Repeat the listing below in full and exactly. Pictures are to be omitted.

- _Data section_
....
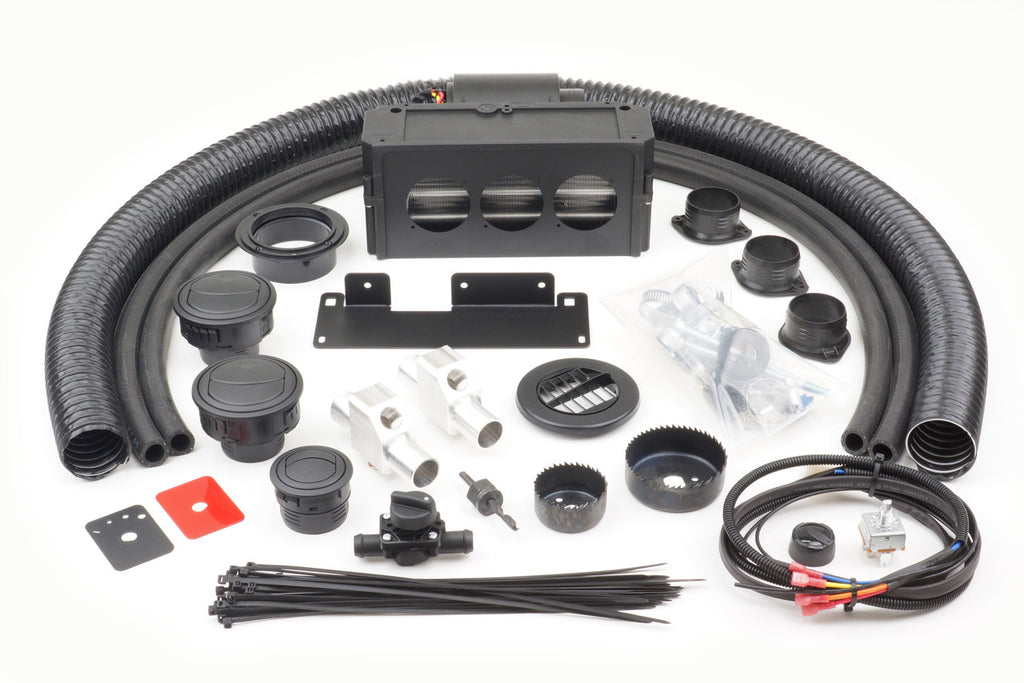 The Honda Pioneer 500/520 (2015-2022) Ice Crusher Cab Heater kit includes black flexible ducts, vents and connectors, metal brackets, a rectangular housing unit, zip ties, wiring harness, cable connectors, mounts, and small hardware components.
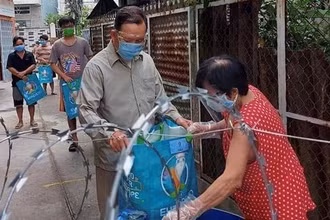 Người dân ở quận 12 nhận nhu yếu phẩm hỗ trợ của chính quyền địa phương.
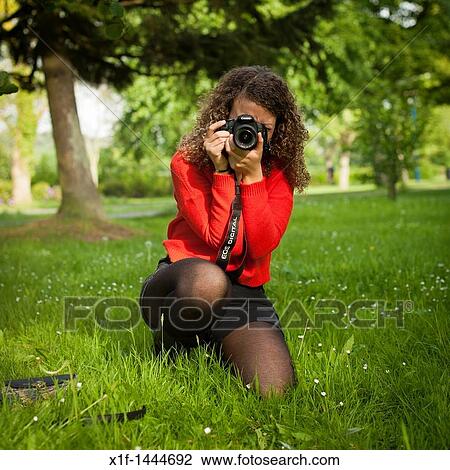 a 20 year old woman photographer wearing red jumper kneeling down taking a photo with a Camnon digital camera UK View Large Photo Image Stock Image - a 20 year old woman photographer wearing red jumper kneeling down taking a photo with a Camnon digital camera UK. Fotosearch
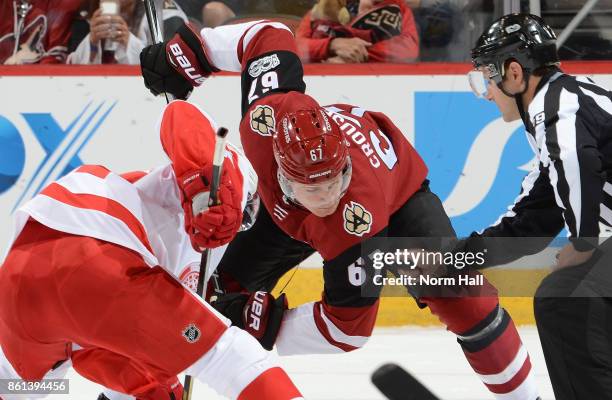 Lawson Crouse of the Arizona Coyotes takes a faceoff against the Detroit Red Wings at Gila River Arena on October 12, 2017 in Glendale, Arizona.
....
- _Solution_
 The Honda Pioneer 500/520 (2015-2022) Ice Crusher Cab Heater kit includes black flexible ducts, vents and connectors, metal brackets, a rectangular housing unit, zip ties, wiring harness, cable connectors, mounts, and small hardware components.
 Người dân ở quận 12 nhận nhu yếu phẩm hỗ trợ của chính quyền địa phương.
 a 20 year old woman photographer wearing red jumper kneeling down taking a photo with a Camnon digital camera UK View Large Photo Image Stock Image - a 20 year old woman photographer wearing red jumper kneeling down taking a photo with a Camnon digital camera UK. Fotosearch
 Lawson Crouse of the Arizona Coyotes takes a faceoff against the Detroit Red Wings at Gila River Arena on October 12, 2017 in Glendale, Arizona.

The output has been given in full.